=== Provided data ===
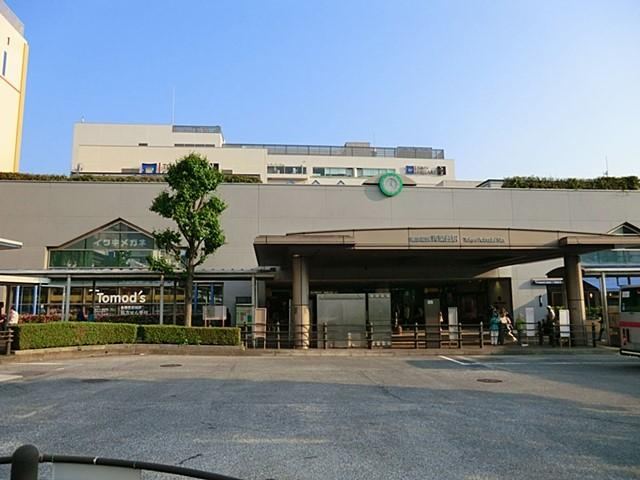 Property - Photo 1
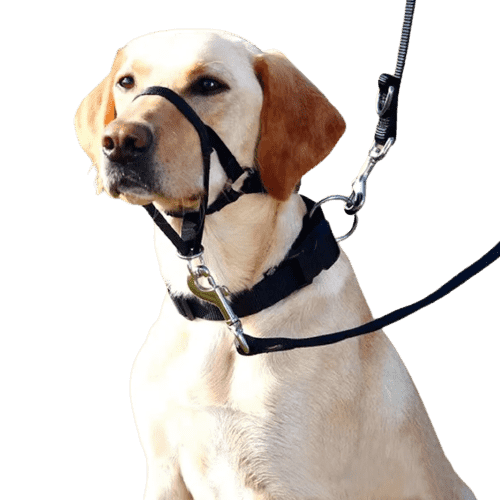 Best halti outlet head collar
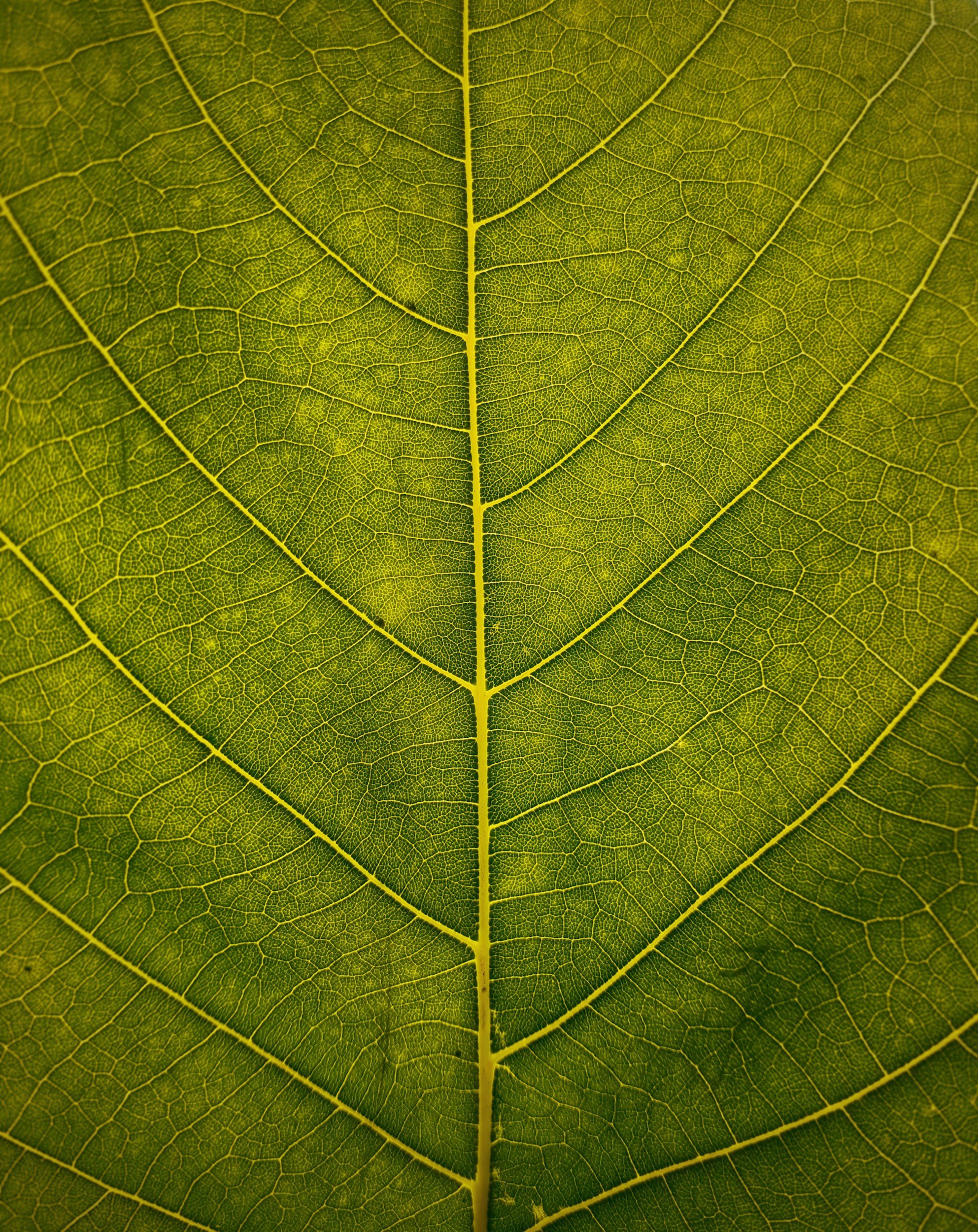 Close-up of a green leaf showing detailed network of veins.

=== Work instruction ===
Give back the material exactly as written, images excluded.

=== Exercise solution ===
 Property - Photo 1
 Best halti outlet head collar
 Close-up of a green leaf showing detailed network of veins.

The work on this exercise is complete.